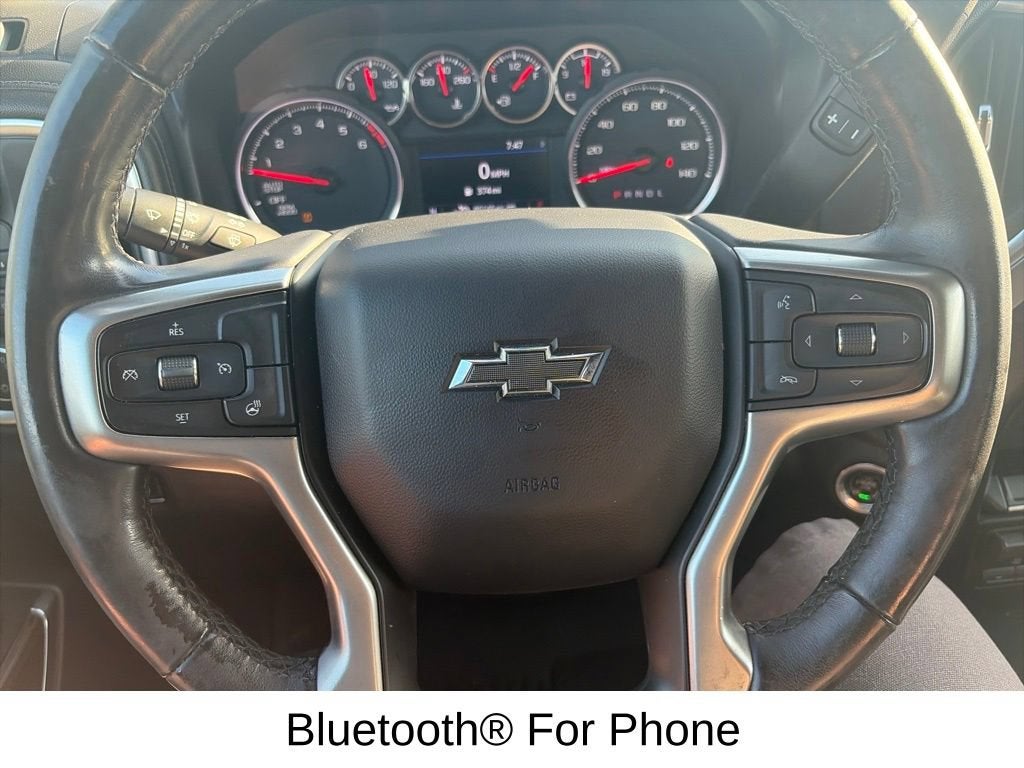 2020 Chevrolet Silverado 1500 RST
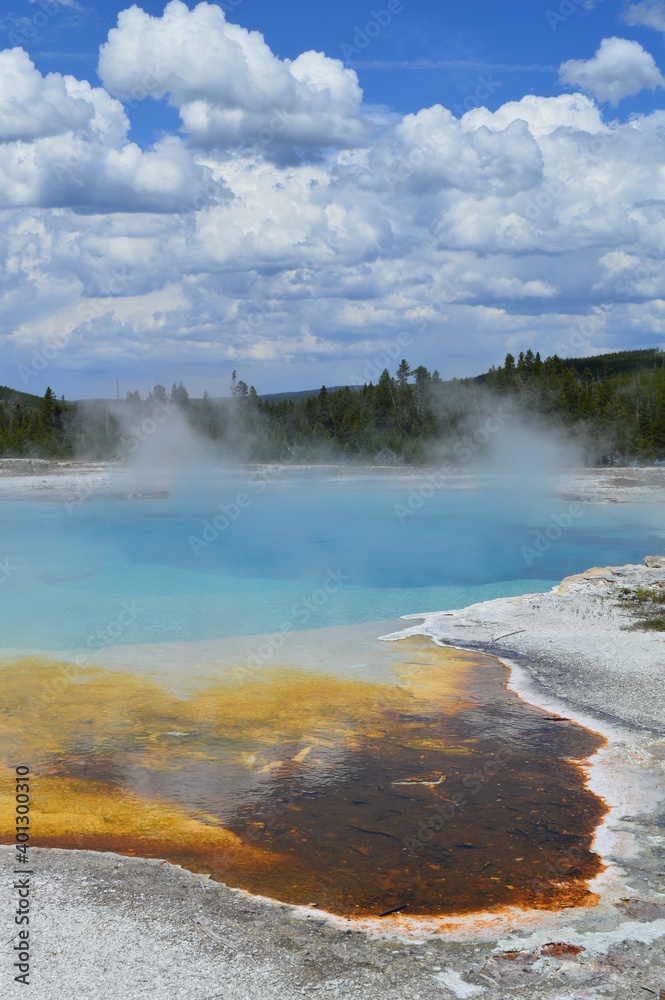 Yellowstone National Park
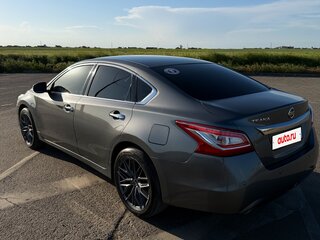 2014 Nissan Teana III (L33), серый, 1400000 рублей, вид 5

PROBLEM: Would you output the data exactly, without any of its images?

ANSWER:
 2020 Chevrolet Silverado 1500 RST
 Yellowstone National Park
 2014 Nissan Teana III (L33), серый, 1400000 рублей, вид 5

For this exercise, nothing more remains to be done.